• **Task goal**:
Could you return, exactly as written, every line from the one containing "Cover of 'Rose" through the last line of the entries below, leaving out the pictures?

• **Data records**:
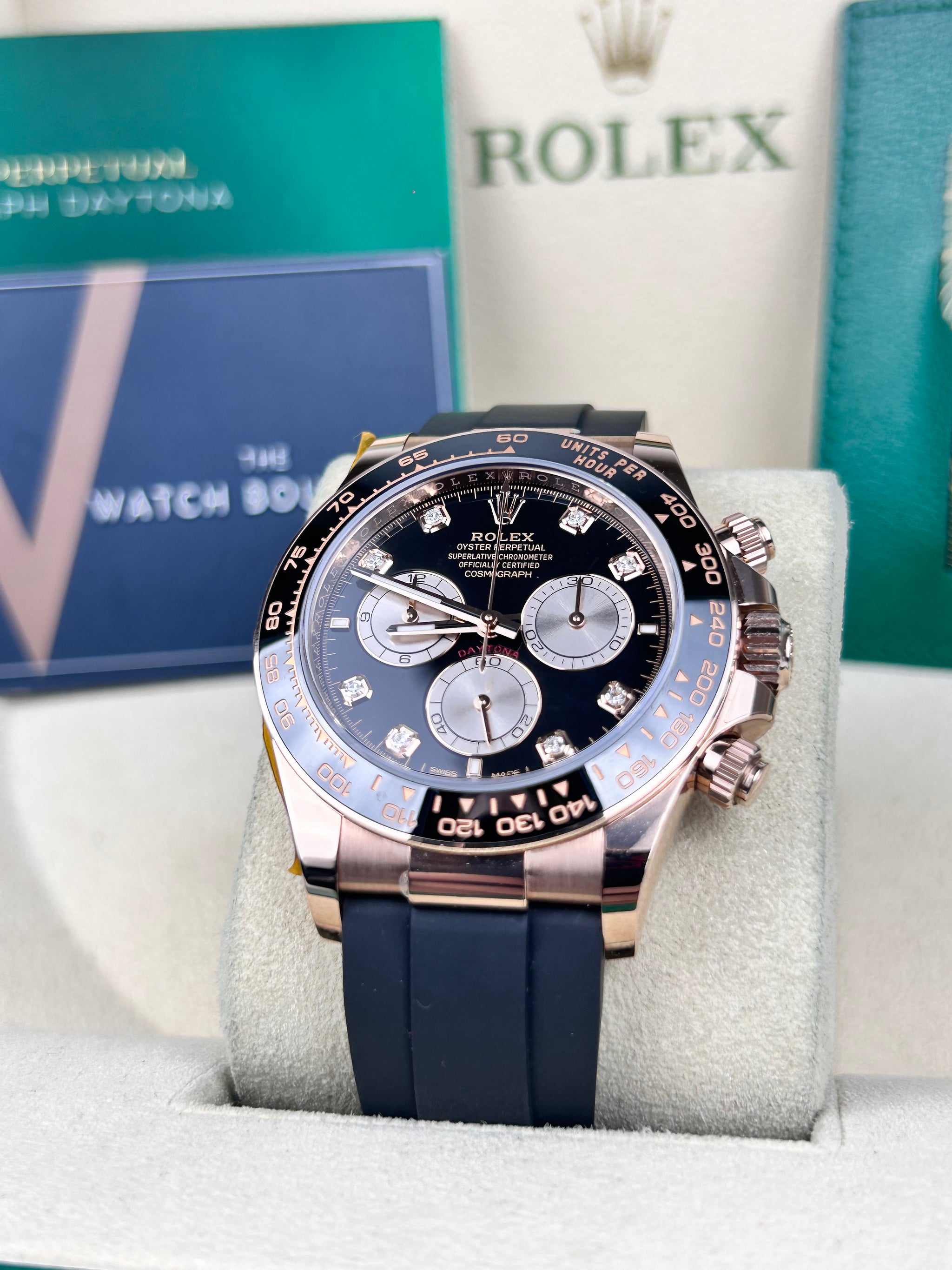 Rolex Daytona Everose Gold Oysterflex- Black diamond dial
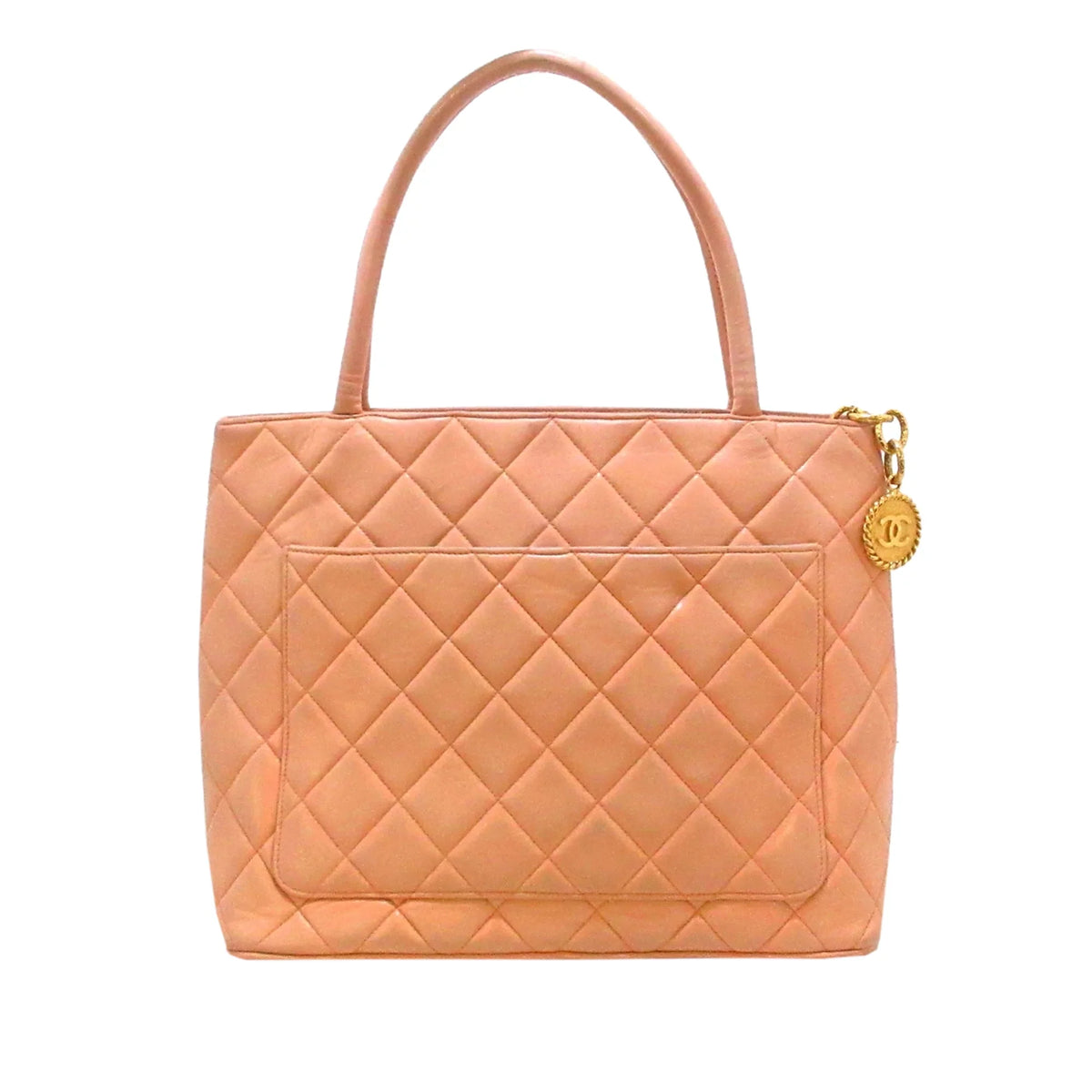 Leather Lambskin Orange Medallion Bag (Good) Pre-Owned Tote Chanel Authenticated Women Tote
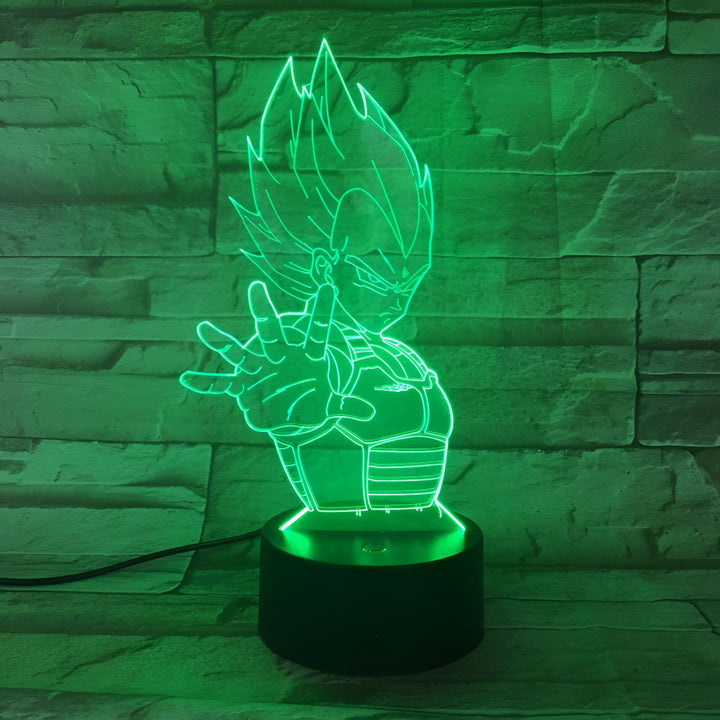 Une image d'une figurine de Vegeta, un personnage de la série animée Dragon Ball Z. La figurine est verte et est éclairée par une lumière verte. Elle est posée sur un socle noir.,LA-9800412301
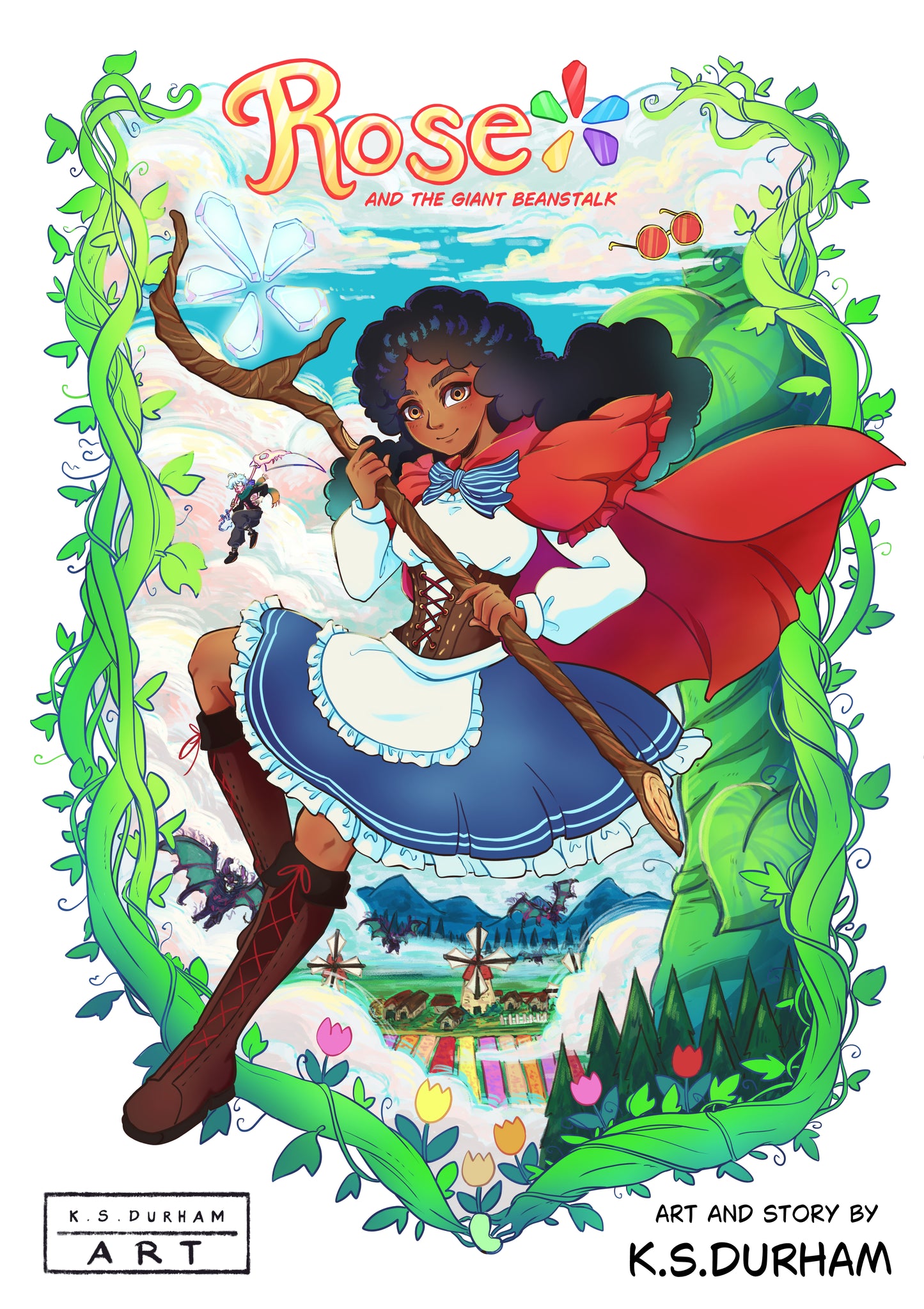 Cover of 'Rose and the Giant Beanstalk' featuring an illustrated main character Rose with a staff and beanstalk setting.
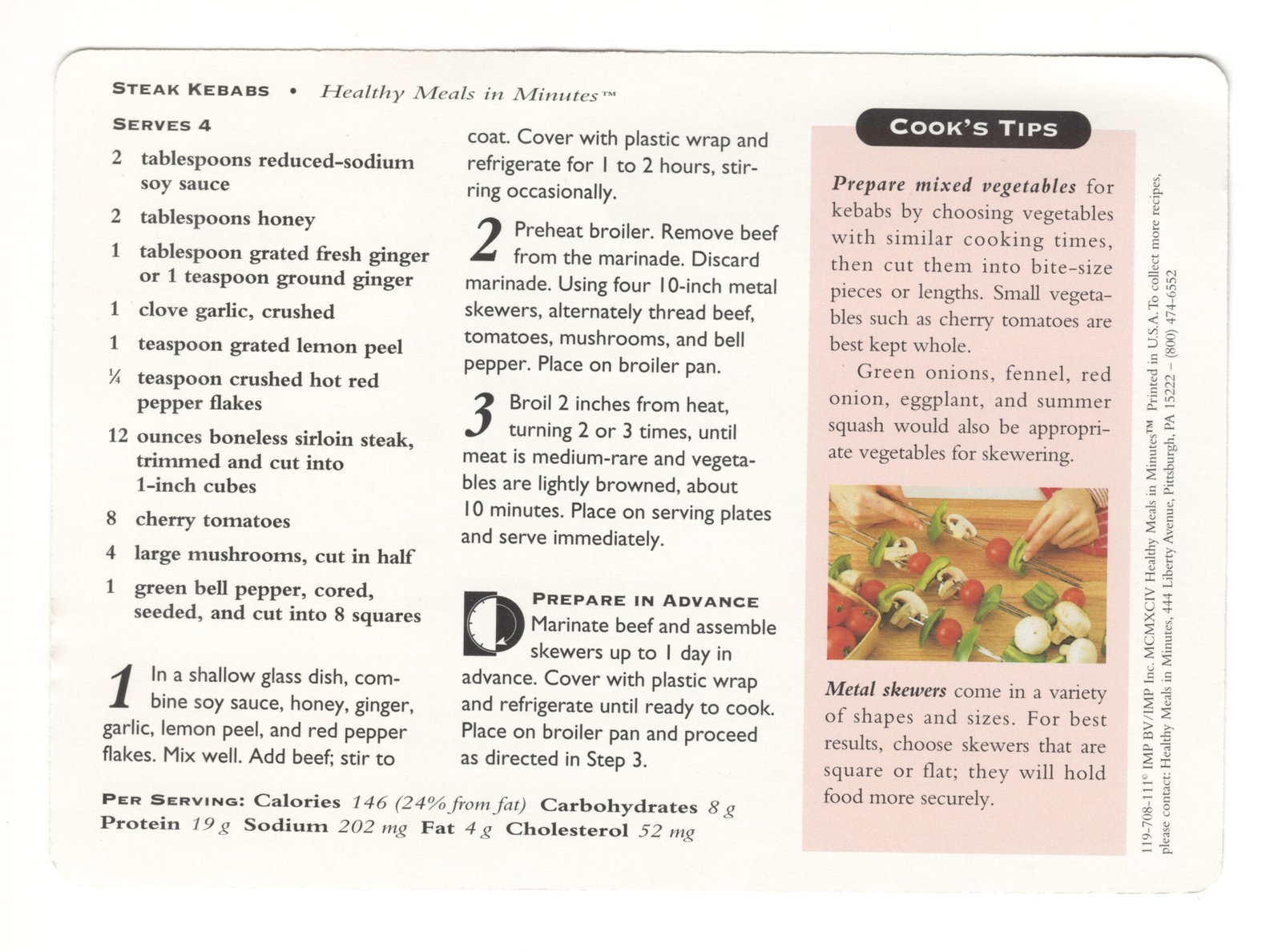 Original back of the Steak Kebabs printed recipe card from My Mom's Recipe Box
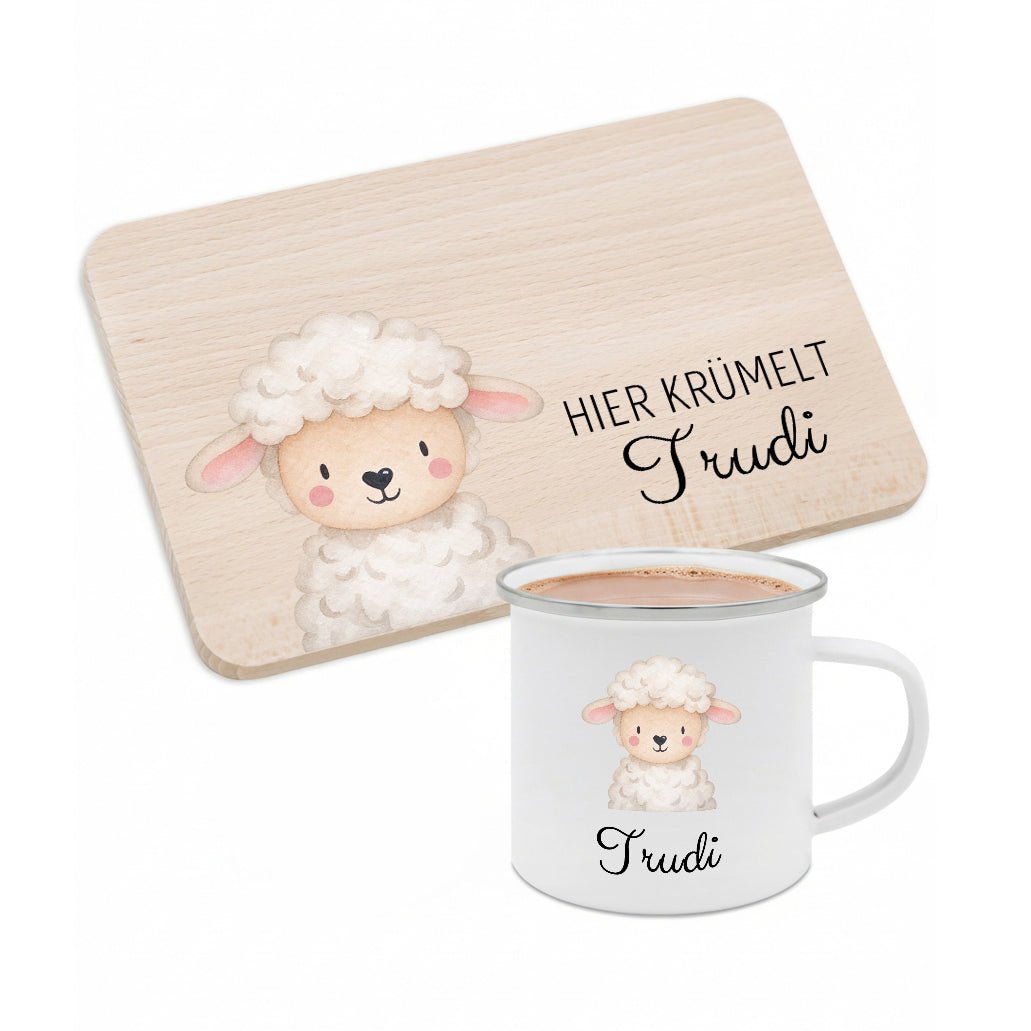Frühstücks Bundle - Frühstücksbrettchen + Emaille Tasse personalisiert - Tier Aquarell - wunderwunsch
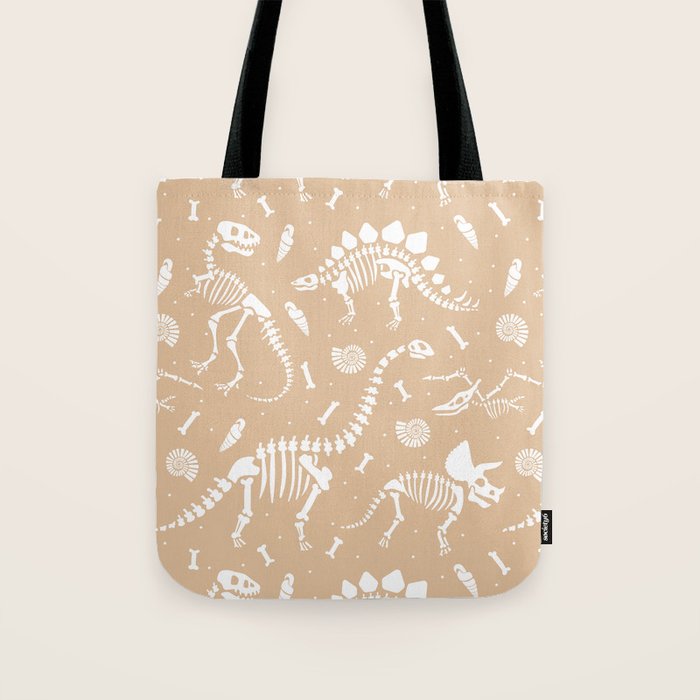 Dinosaur Fossils on Taupe Tote Bag Gallery Image 1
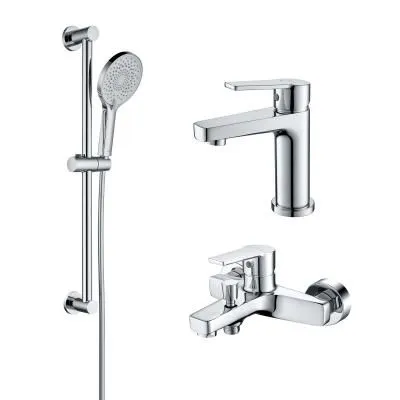 Комплект смесителей  для ванны Aquatek ЛУГАНО AQ1730CR ЛУГАНО (AQ1710CR +AQ1740CR +AQ2022CR ), хром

• **Result for this task**:
 Cover of 'Rose and the Giant Beanstalk' featuring an illustrated main character Rose with a staff and beanstalk setting.
 Original back of the Steak Kebabs printed recipe card from My Mom's Recipe Box
Frühstücks Bundle - Frühstücksbrettchen + Emaille Tasse personalisiert - Tier Aquarell - wunderwunsch
 Dinosaur Fossils on Taupe Tote Bag Gallery Image 1
 Комплект смесителей  для ванны Aquatek ЛУГАНО AQ1730CR ЛУГАНО (AQ1710CR +AQ1740CR +AQ2022CR ), хром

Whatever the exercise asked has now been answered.